Test version of tool combines mapping, satellite imagery and yellow-pages data. Coming later: views from 45-degree angles. Touring Redmond's new service

Microsoft has unveiled a test version of a new location-based search tool, the software giant said Monday.

Virtual Earth--which offers a combination of aerial imagery, maps and yellow-pages data--is designed to let users search for and share information about specific U.S. locations, the company said.


For example, a searcher can enter an address and see a map, an aerial photograph or an aerial photo overlaid with highway labels. A search field on the upper left lets the user retrieve information on businesses and other sites, which the tool displays in a collapsible pane.

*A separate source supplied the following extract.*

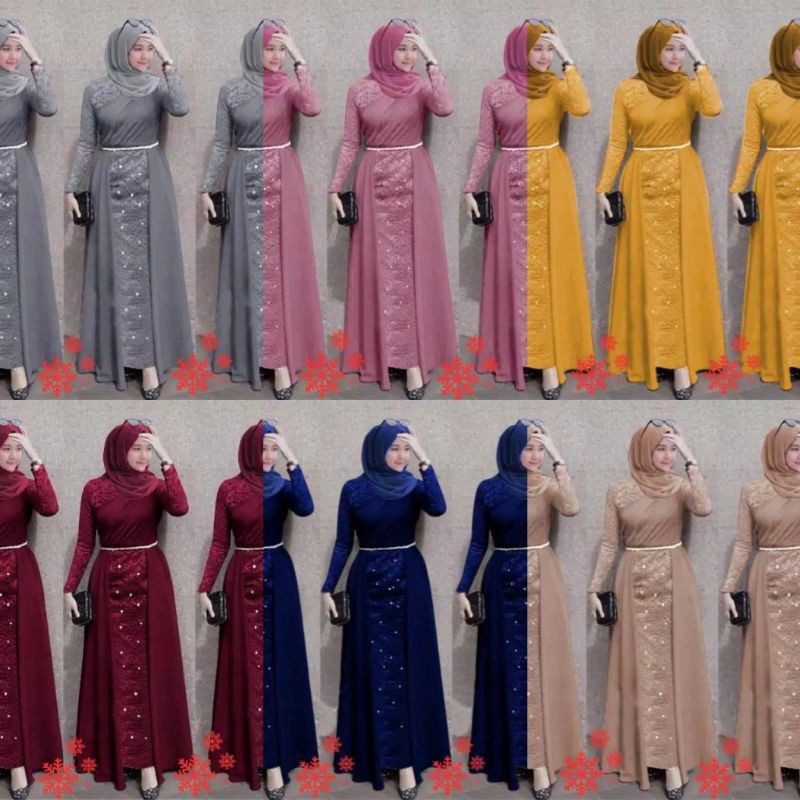 Dress maxi lovisa - terusan muslim panjang gamis lovisa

Virtual Earth relies on licensed yellow-pages directories for this information, Microsoft said.

Additionally, a "scratch pad" features lets people save addresses that they've searched for.

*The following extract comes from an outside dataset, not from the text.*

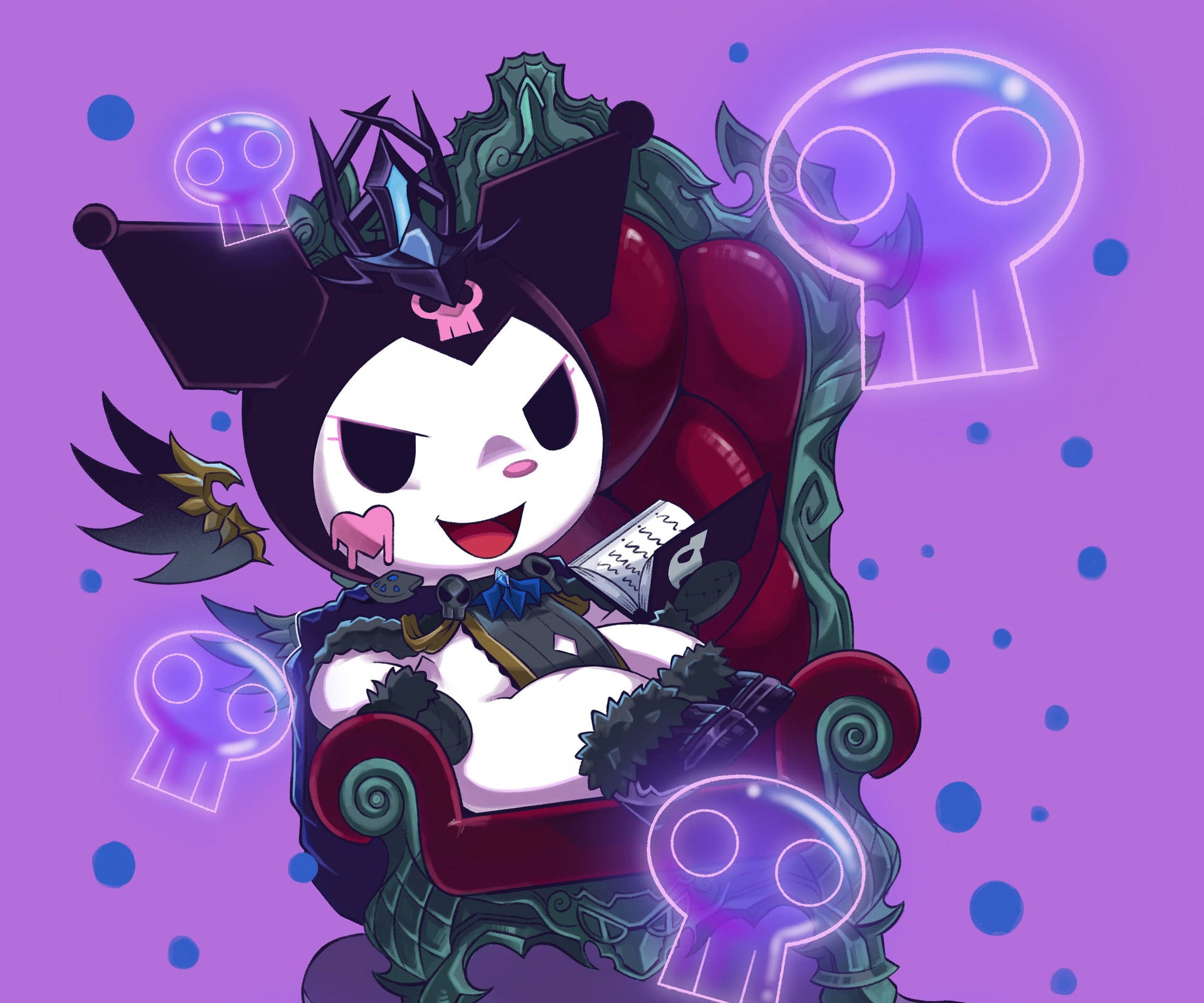 My Melody Kuromi 坐在王座上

The service, which Microsoft announced in May, is free. It's designed to interact with other Microsoft tools, including MapPoint, the local features of MSN Search, and aerial imagery from TerraServer-USA, the software giant said.

Virtual Earth also includes a feature called "Locate Me" that determines the user's location using Wi-Fi access points or Internet Protocol address geocoding. The information is then presented in the form of a map with the user's location highlighted.

The tool also offers features for e-mailing search results, bookmarking them or posting them on a blog. People can zoom in or pan the aerial pictures via a virtual compass.

"When you're in an unfamiliar city and need to find a nearby Chinese restaurant or ATM within walking distance of your hotel, a traditional Internet search experience won't give you the visual location-specific information you need," Stephen Lawler, general manager of Virtual Earth, said in a statement. "MSN Virtual Earth provides a deeply immersive search experience that lets people see what it's like to be in a location and easily explore what they can do there."

In the next beta version of the tool, slated for release later this year, the company plans to add bird's-eye-view imagery depicting cities, landmarks and other sites at a 45-degree angle. The feature will rely on technology from Pictometry International.

Mapping services based on satellite imagery have been catching the attention of search companies lately.

A service announced by Google recently already incorporates a feature that allows people to see buildings and terrains in three-dimension.